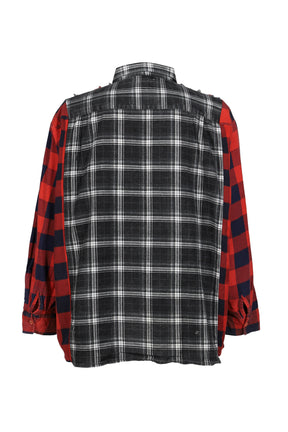 FLANNEL SHIRT -> RIBBON WIDE SHIRT / ASSORTED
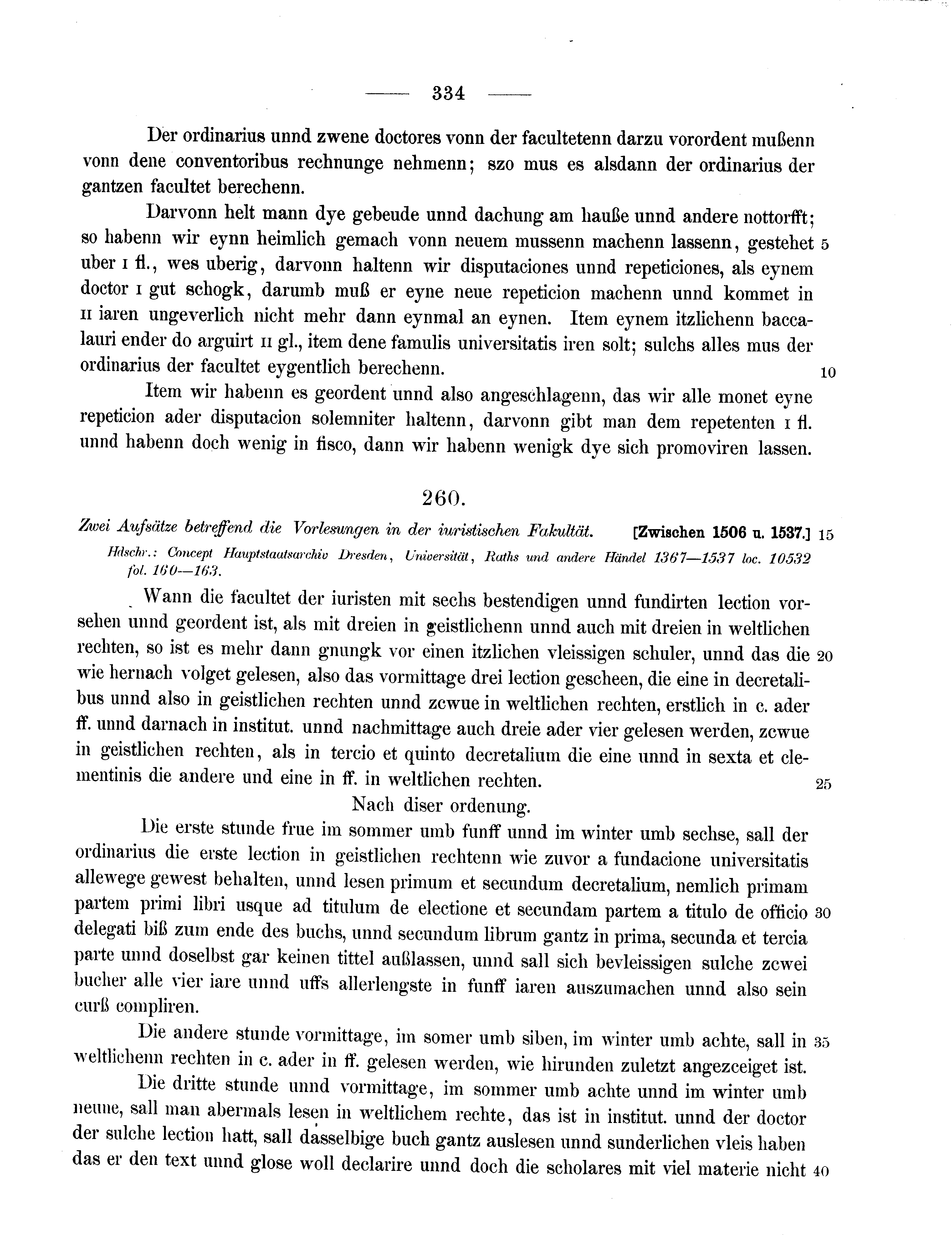 Historische Urkunde Seite 334 aus Band cds2_11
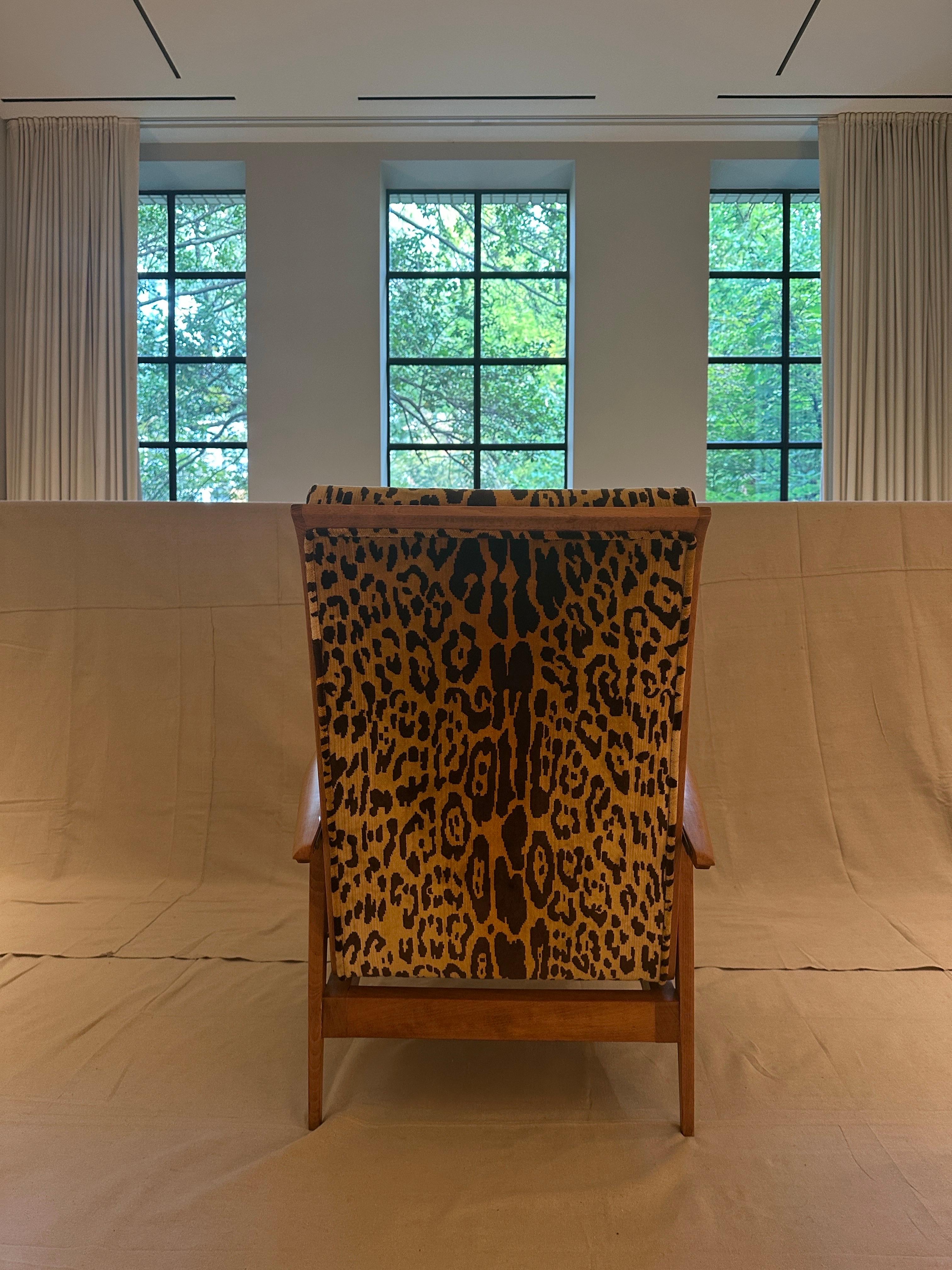 Pareja de sillas Siege Steiner tapizadas en tela de terciopelo Scalamandre, Francia Años 50 en venta 4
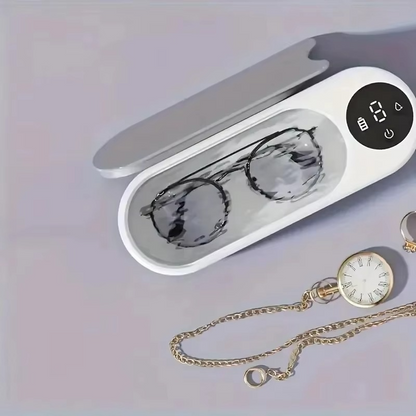 Wireless Ultrasonic Glasses Cleaner | Portable High-Frequency Cleaner for Eyeglasses, Jewellery, Watches & Accessories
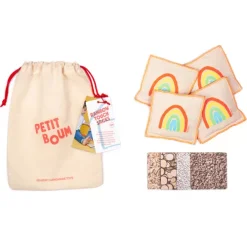 Petit Boum Sensorische Voelzakjes - Rainbow - 4st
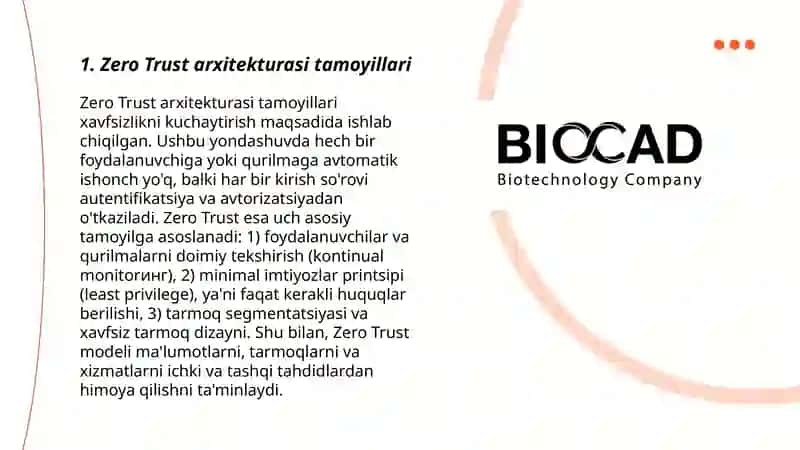 Zero Trust arxitekturasi va uning tarmoq xafvsizligidagi roli 3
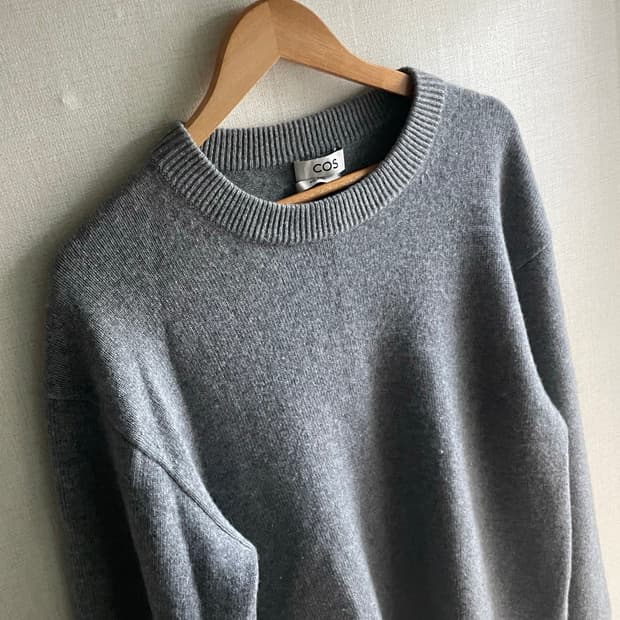 코스 COS 캐시미어 100% 니트 그레이 S(100-103)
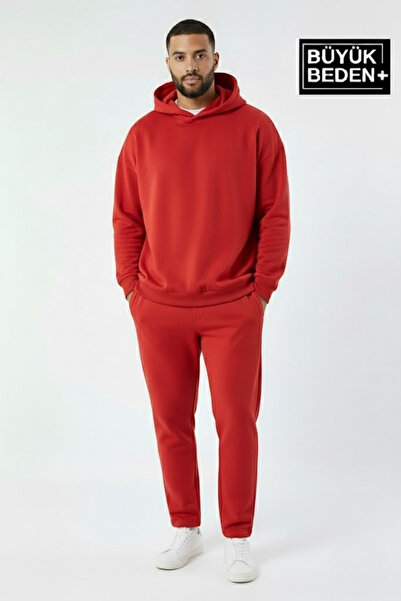 Superlife Ανδρικό φούτερ με κουκούλα μεγάλου μεγέθους SPR24BSW57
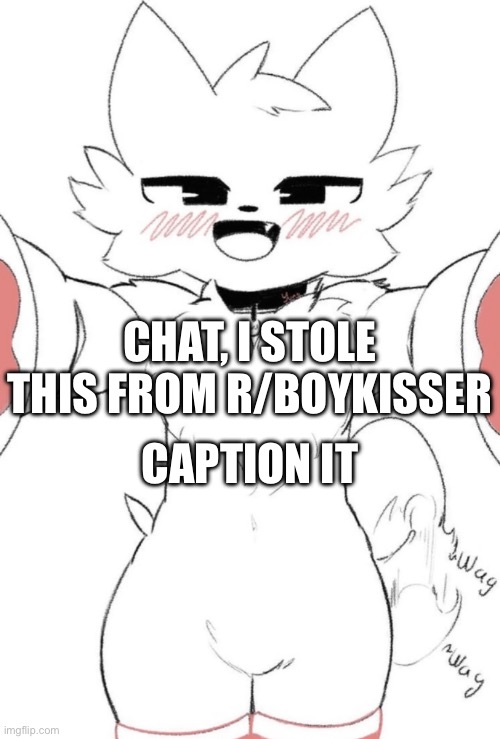 What are you captioning this? | CAPTION IT; CHAT, I STOLE THIS FROM R/BOYKISSER | made w/ Imgflip meme maker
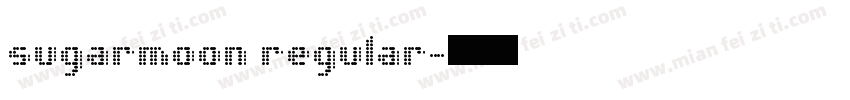 sugarmoon regular字体转换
-------
**WORK TO COMPLETE**
In your copy, reproduce the data above exactly and skip every picture.

**REPLY**
 FLANNEL SHIRT -> RIBBON WIDE SHIRT / ASSORTED
 Historische Urkunde Seite 334 aus Band cds2_11
 Pareja de sillas Siege Steiner tapizadas en tela de terciopelo Scalamandre, Francia Años 50 en venta 4
 Wireless Ultrasonic Glasses Cleaner | Portable High-Frequency Cleaner for Eyeglasses, Jewellery, Watches & Accessories
 Petit Boum Sensorische Voelzakjes - Rainbow - 4st
 Zero Trust arxitekturasi va uning tarmoq xafvsizligidagi roli 3
 코스 COS 캐시미어 100% 니트 그레이 S(100-103)
 Superlife Ανδρικό φούτερ με κουκούλα μεγάλου μεγέθους SPR24BSW57
 What are you captioning this? | CAPTION IT; CHAT, I STOLE THIS FROM R/BOYKISSER | made w/ Imgflip meme maker
 sugarmoon regular字体转换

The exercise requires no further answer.